Available data:
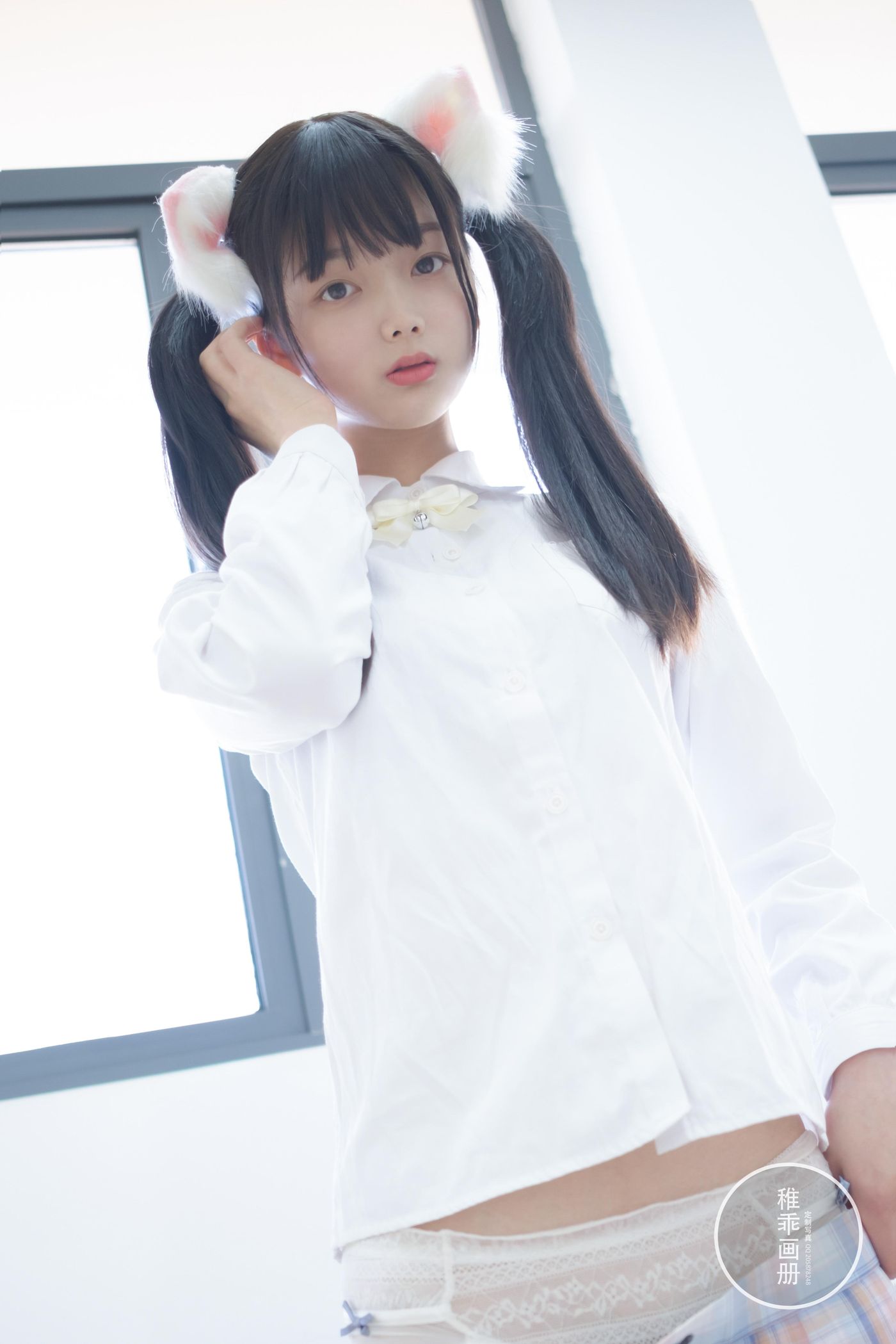 稚乖画册 晴空-04 夜夜 80D 白丝JK [63P]插图2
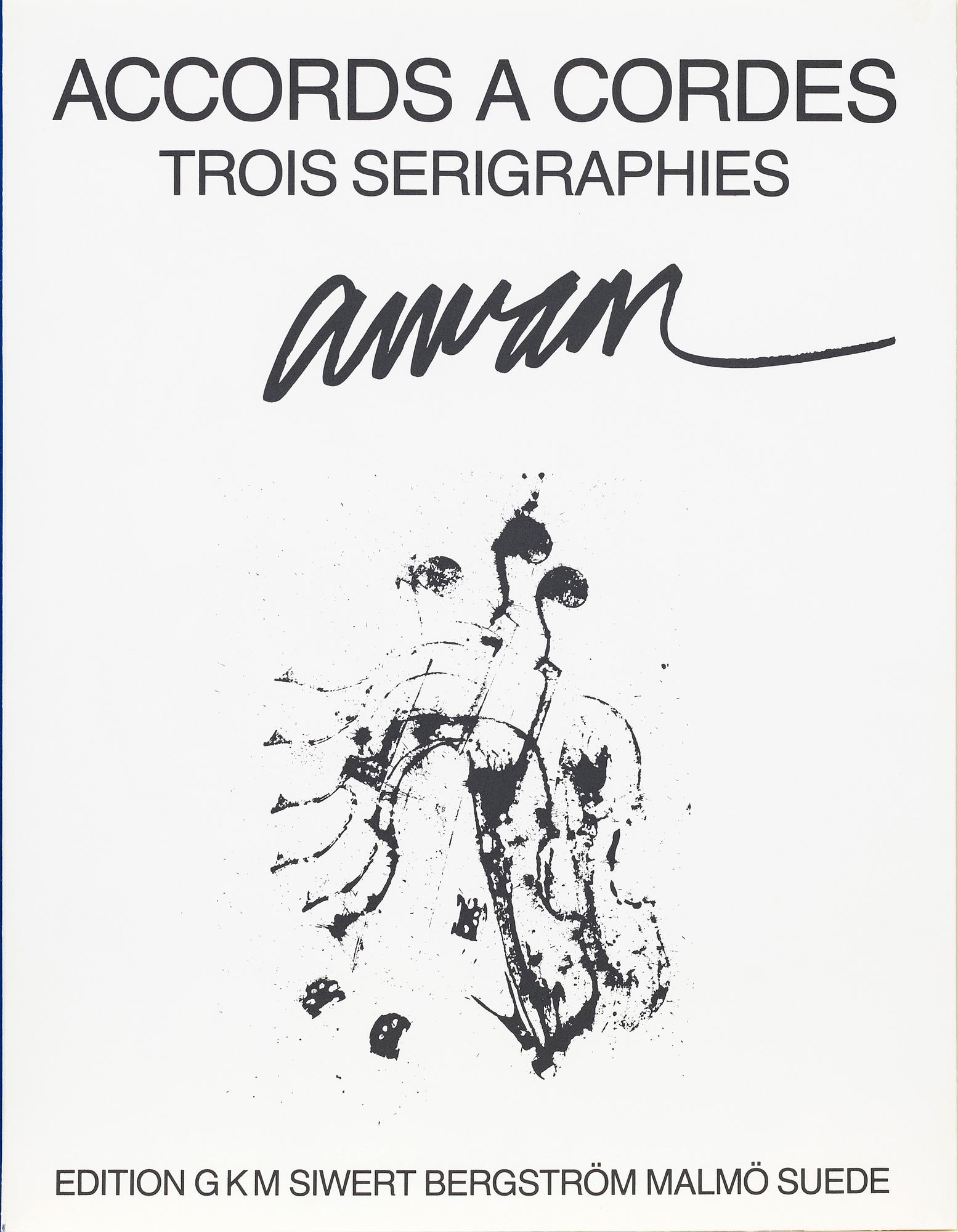 Arman | Folder, 2 of 3 sheets, Accords A Cordes Three Screenprints by ...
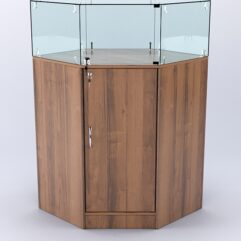 Прилавок ВАЛЕНТИНО №3 шестигранный, Орех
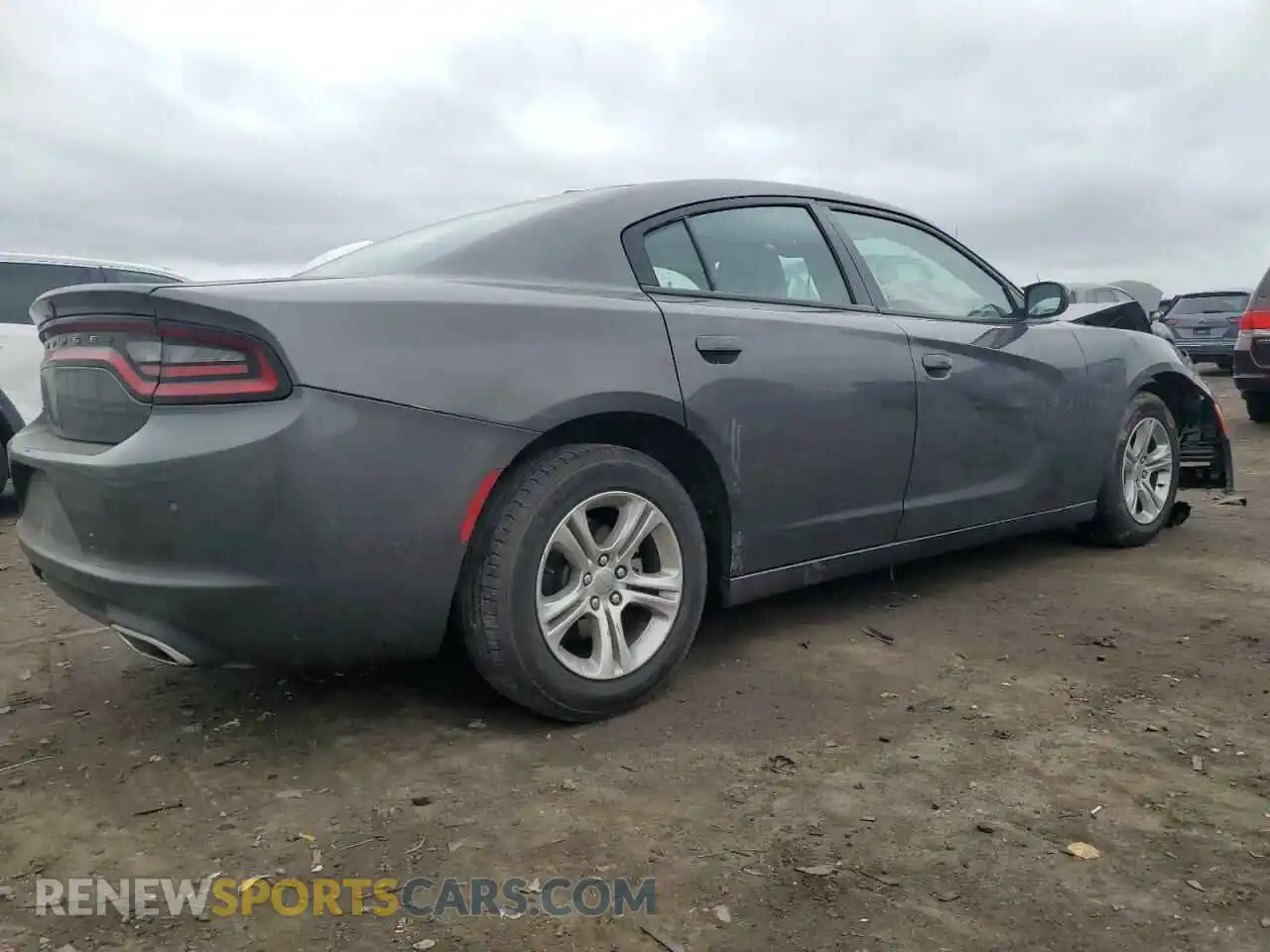 3 Photograph of a damaged car 2C3CDXBG1MH624884 DODGE CHARGER 2021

Task prompt:
Copy exactly, and only, the lines running from the one containing "Прилавок ВАЛЕНТИНО №3 шестигранный, Орех" through the final line of the data, and omit the pictures.

Result of the exercise:
 Прилавок ВАЛЕНТИНО №3 шестигранный, Орех
 3 Photograph of a damaged car 2C3CDXBG1MH624884 DODGE CHARGER 2021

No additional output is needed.